Little do Lake Charles lunchers know the reason there’s sauce on the side of your face and napkins pinned under your thighs to keep them from blowing away in the wind is because a loving mother underestimated the spoken capabilities of her toddler.

Rewind back to the winter of 2015. Brett and Amanda Stutes are riding around town with their middle child, Fletcher, in the back seat. Amanda can’t remember where they were going, and honestly, it’s not important. The point is, for years, Brett, a born entrepreneur who had pretty much gotten into a routine doing construction, always talked about opening a taco-only restaurant — the concept being his “baby” as Amanda tells it.
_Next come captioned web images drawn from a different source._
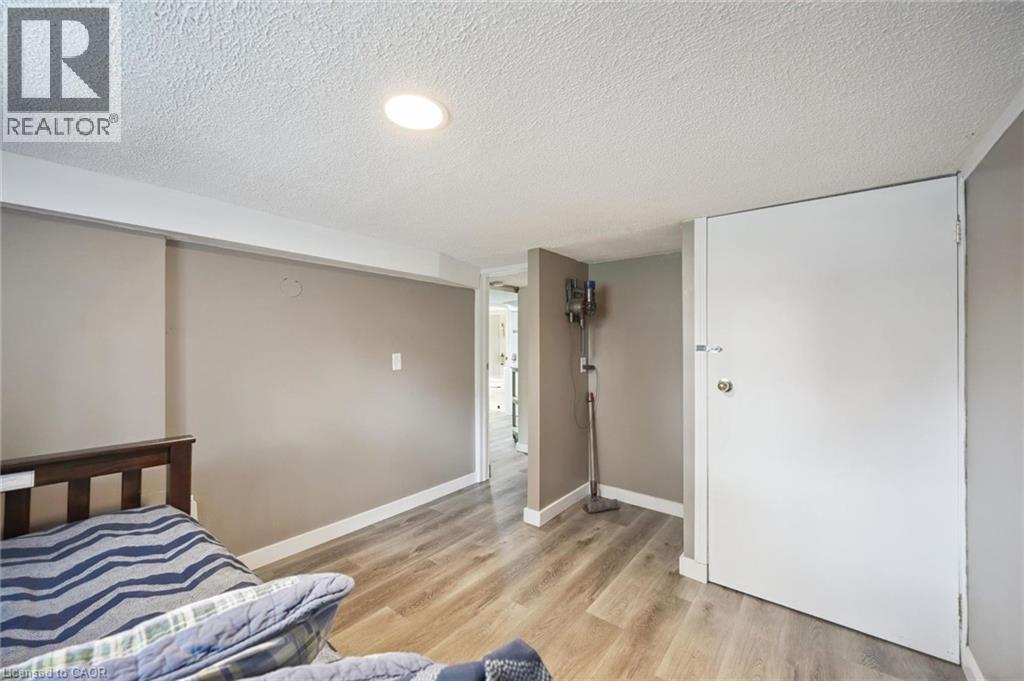 15 Gordon Avenue, Kitchener, Ontario  N2H 1N7 - Photo 35 - 40828830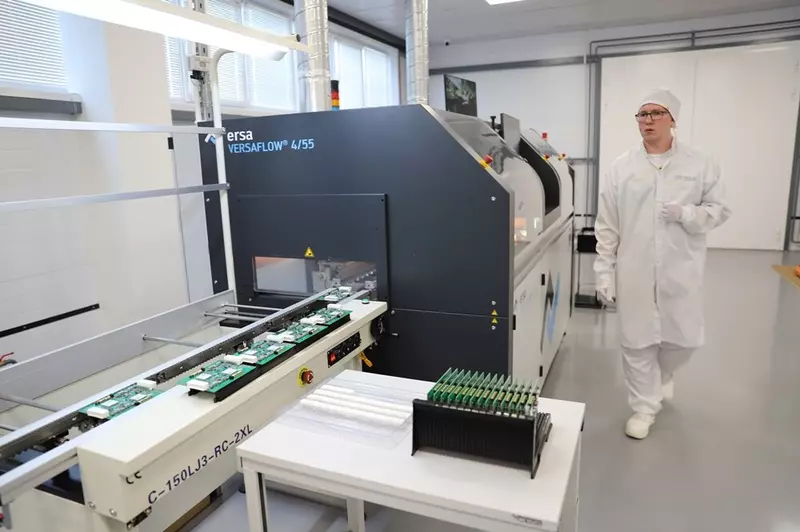 Фото #3 для статьи «электроника: В ОЭЗ Орёл открылся завод по производству телематического оборудования»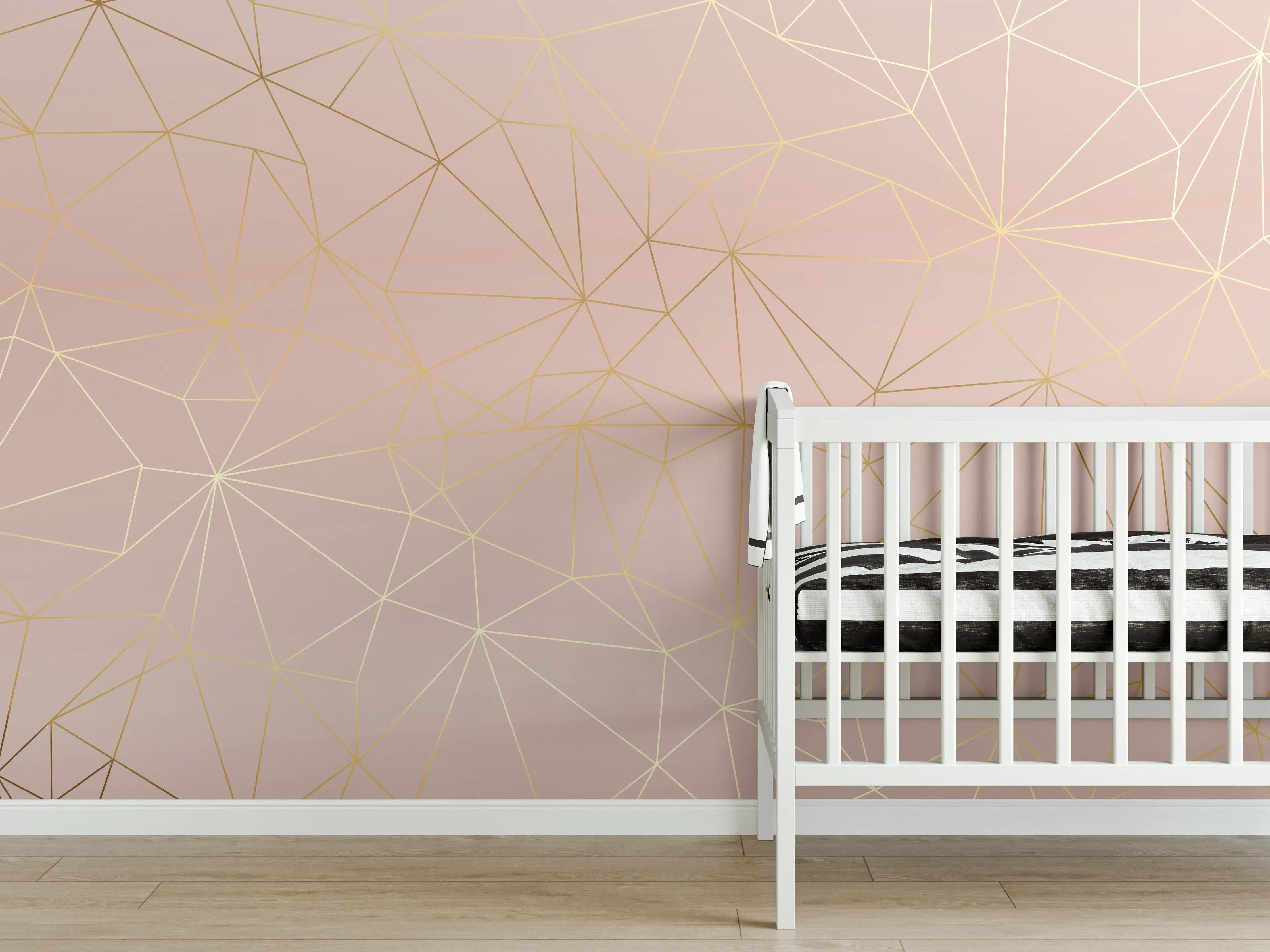 Babyzimmer Wandgestaltung - Goldene Linien auf Beige Hintergrund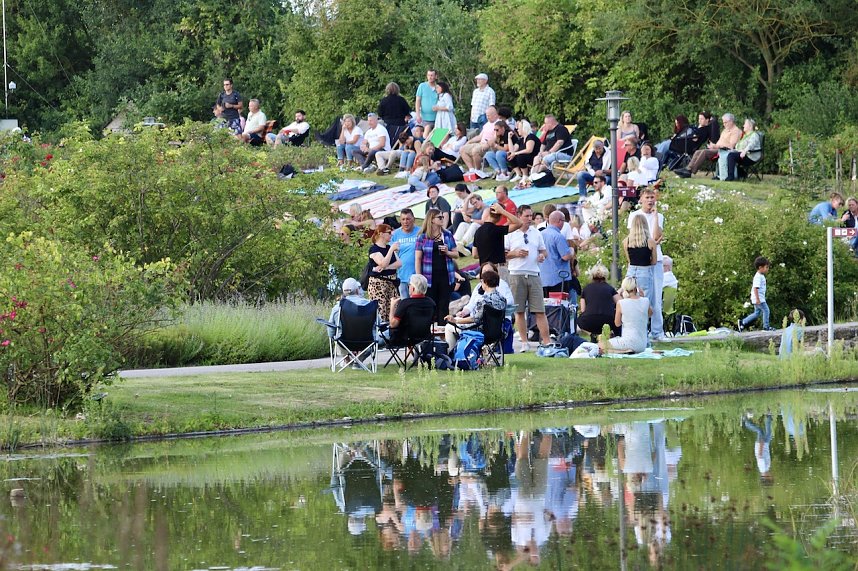 Tolle Stimmung im Rosengarten Bad Langensalza mit Reggae-Kl&auml;ngen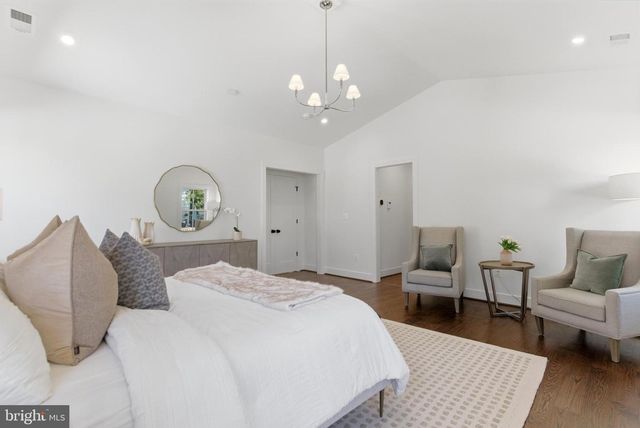 7705 HOLIDAY TER, Bethesda, MD 20817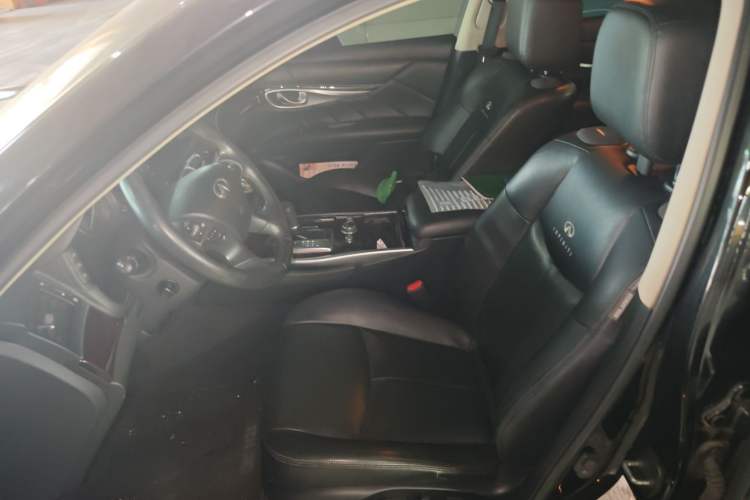 Used Infiniti M Series 2011 M37 model Left Front Seat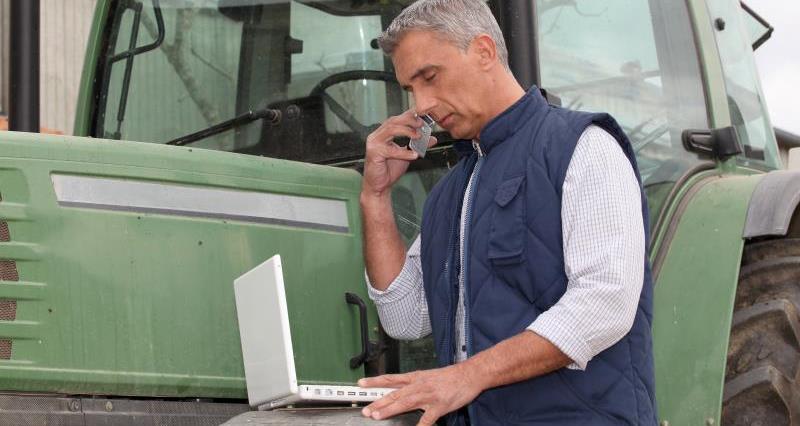 Farmer with laptop_28360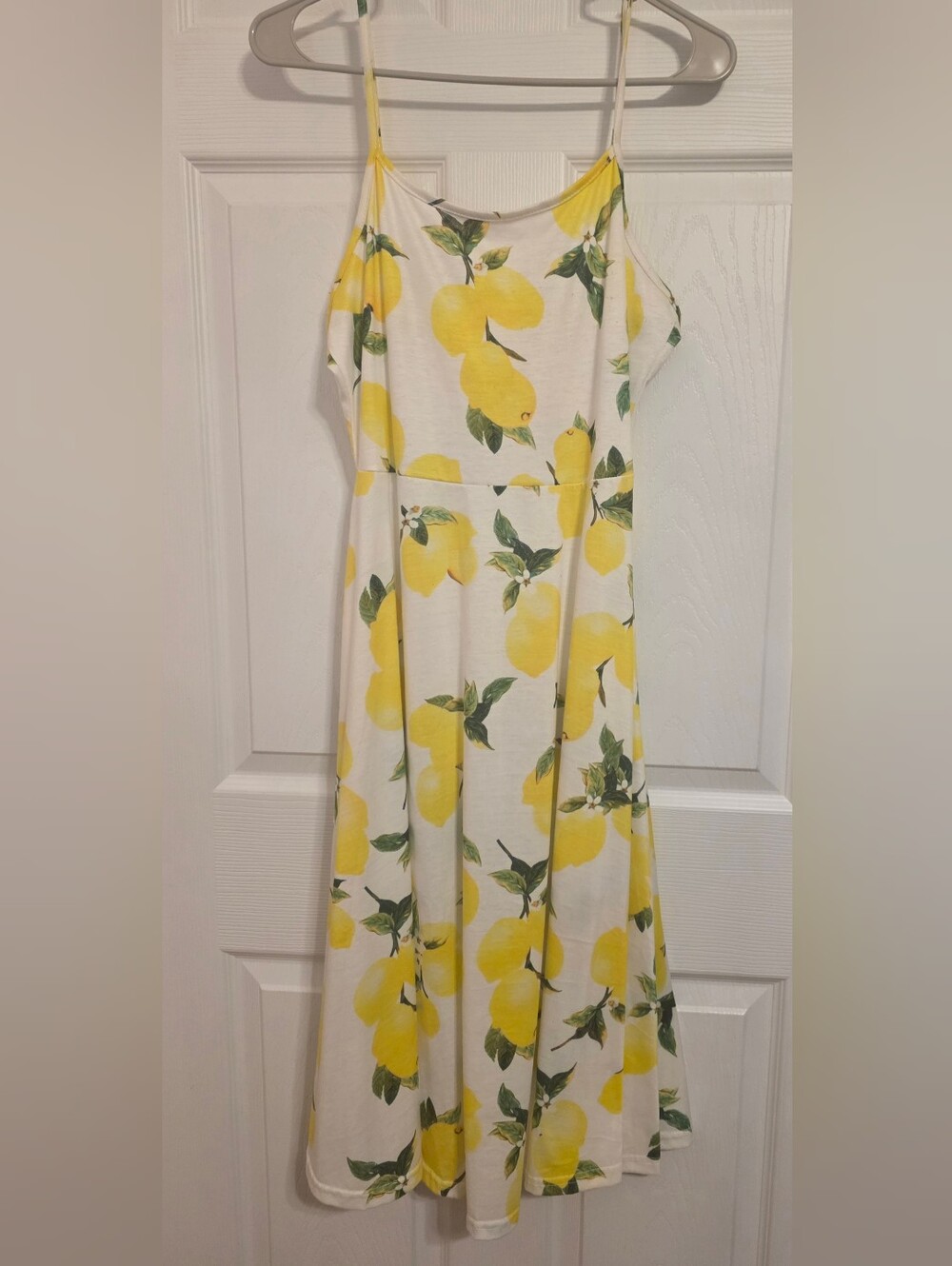 Women's Yellow Lemon Print White Sundress for Casual Wear - Medium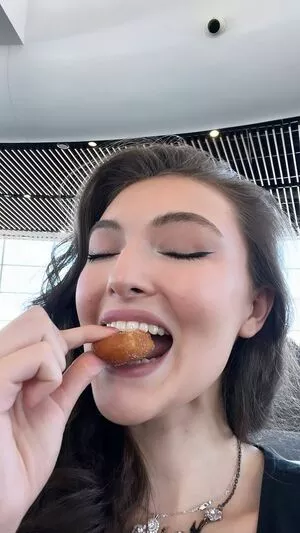 Rachel Michelle OnlyFans Leaked Free Thumbnail Picture - #4Vz7Ed0bPr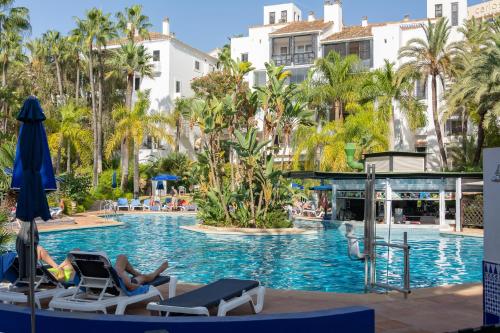 SF Marbella Luxury Beach Apartment Jardines de las Golondrinas — 4-Star Luxury Hotel in Marbella, Spain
So, perhaps looking for a sign, (or more likely, a surefire way to get what he wanted) Brett rolled the dice and shifted all of his tortilla-wrapped dreams upon the unsuspecting tongue of his 18-month-old son. 

“If Fletcher can say taco, we’re opening this restaurant,” Brett bargained with Amanda.

For whatever reason, Amanda went along with the deal.

“Fletcher can you say ‘taco’?” Brett asked, putting the toddler on the spot.

Without hesitation, Fletcher blurted out, “Taco!”

“In hindsight, it was probably bad agreement on my part,” Amanda reflects, “because Fletcher was always very smart and well spoken, even at that age. I was like, ‘You little stinker.’”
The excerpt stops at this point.